▸ **TASK**
A verbatim copy of all the data is required, minus any images.

◇ ◇ ◇

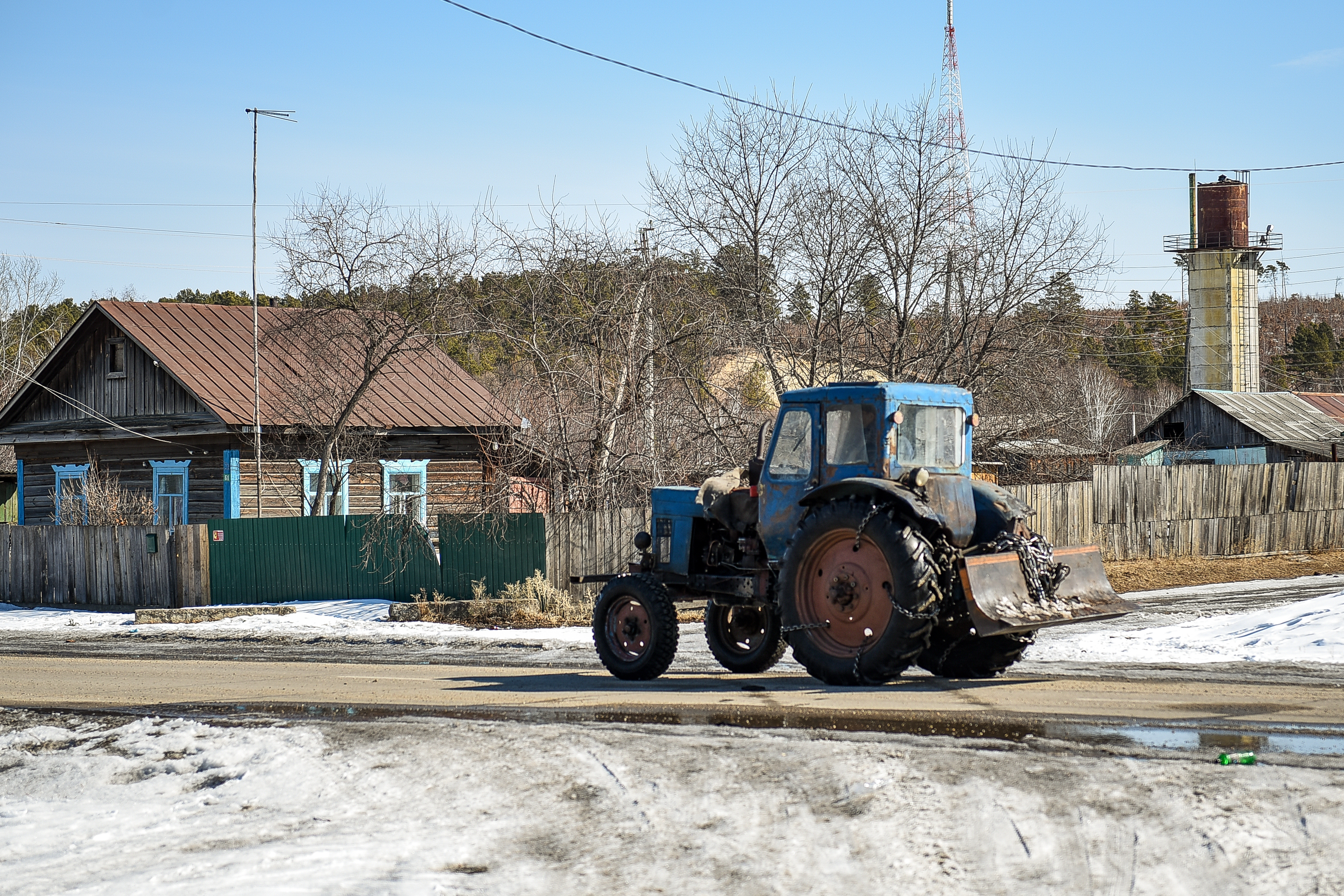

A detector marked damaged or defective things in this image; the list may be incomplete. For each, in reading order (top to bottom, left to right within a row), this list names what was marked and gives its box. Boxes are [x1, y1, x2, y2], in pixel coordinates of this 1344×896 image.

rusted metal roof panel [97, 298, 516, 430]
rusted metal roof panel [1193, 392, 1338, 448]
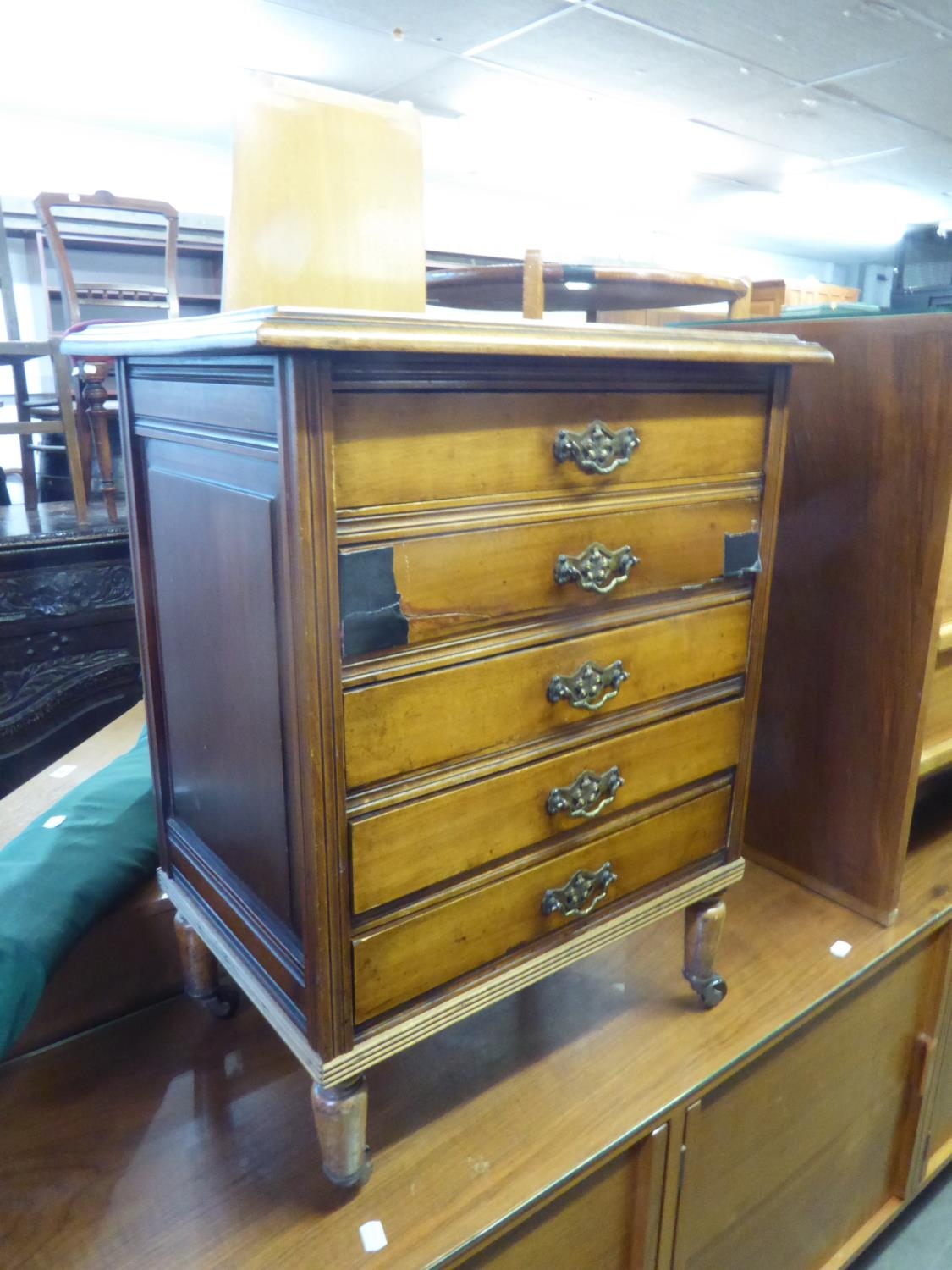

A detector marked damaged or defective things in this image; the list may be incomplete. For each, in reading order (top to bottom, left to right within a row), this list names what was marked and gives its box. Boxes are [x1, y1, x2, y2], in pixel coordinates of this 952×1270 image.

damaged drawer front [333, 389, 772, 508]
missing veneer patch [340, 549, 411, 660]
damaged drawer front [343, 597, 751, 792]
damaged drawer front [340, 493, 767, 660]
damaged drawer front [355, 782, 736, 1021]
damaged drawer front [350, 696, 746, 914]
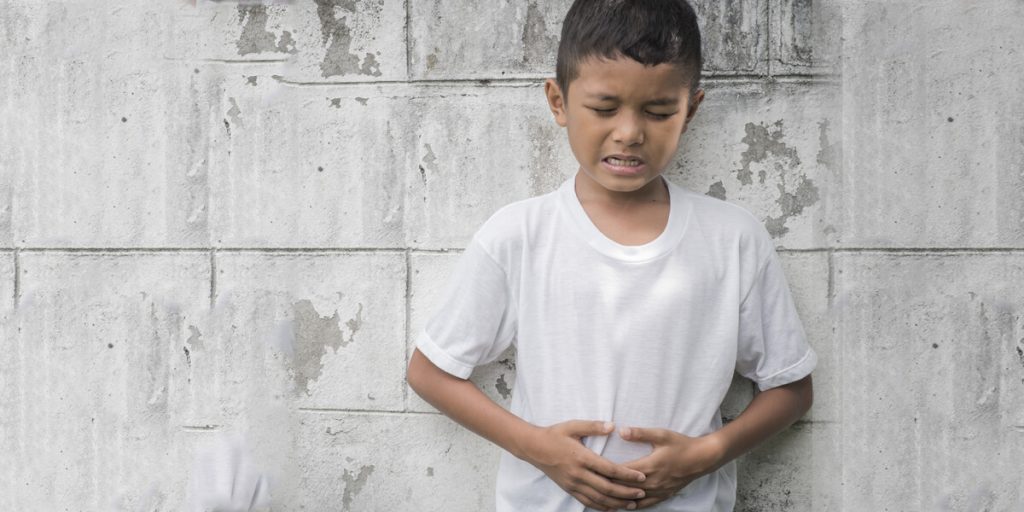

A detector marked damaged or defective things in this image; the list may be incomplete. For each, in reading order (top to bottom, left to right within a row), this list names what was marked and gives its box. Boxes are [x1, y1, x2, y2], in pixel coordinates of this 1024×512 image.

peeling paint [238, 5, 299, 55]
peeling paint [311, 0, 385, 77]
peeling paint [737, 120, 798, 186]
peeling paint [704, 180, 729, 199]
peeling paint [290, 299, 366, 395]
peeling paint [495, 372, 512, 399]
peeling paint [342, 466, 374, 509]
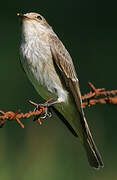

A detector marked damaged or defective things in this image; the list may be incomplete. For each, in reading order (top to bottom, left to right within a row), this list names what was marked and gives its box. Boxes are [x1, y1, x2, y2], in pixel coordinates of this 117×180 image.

◇ ◇ ◇

▸ **ANSWER BELOW**
A detector marked damaged or defective things in this image; the list may be incomplete. For each, in reading order (top to bottom, left to right within a row), this list names what was marked and gives its box. Boxes are [x1, y1, x2, y2], in pixel coordinates of this 1344×896 image.

rusted metal roof panel [97, 298, 516, 430]
rusted metal roof panel [1193, 392, 1338, 448]

A detector marked damaged or defective things in this image; the list may be incomplete. For each, in reading order (top to bottom, left to right within a row), this list names what was marked and gives its box. Boxes are [x1, y1, x2, y2], in pixel coordinates of this 952×1270 image.

damaged drawer front [333, 389, 772, 508]
missing veneer patch [340, 549, 411, 660]
damaged drawer front [343, 597, 751, 792]
damaged drawer front [340, 493, 767, 660]
damaged drawer front [355, 782, 736, 1021]
damaged drawer front [350, 696, 746, 914]

A detector marked damaged or defective things in this image; the list may be incomplete. For each, in reading order (top to bottom, left to right within a row), this list names what was marked and gives its box. Boxes are [x1, y1, x2, y2], in pixel coordinates of this 1024×512 image.

peeling paint [238, 5, 299, 55]
peeling paint [311, 0, 385, 77]
peeling paint [737, 120, 798, 186]
peeling paint [704, 180, 729, 199]
peeling paint [290, 299, 366, 395]
peeling paint [495, 372, 512, 399]
peeling paint [342, 466, 374, 509]

A detector marked damaged or defective things in this image; the list may be incomplete. For each, in reading order (top to bottom, left to right within a row), this list names what was marked and gives its box. Boxes are [x1, y1, x2, y2], in pixel coordinates of this 117×180 image.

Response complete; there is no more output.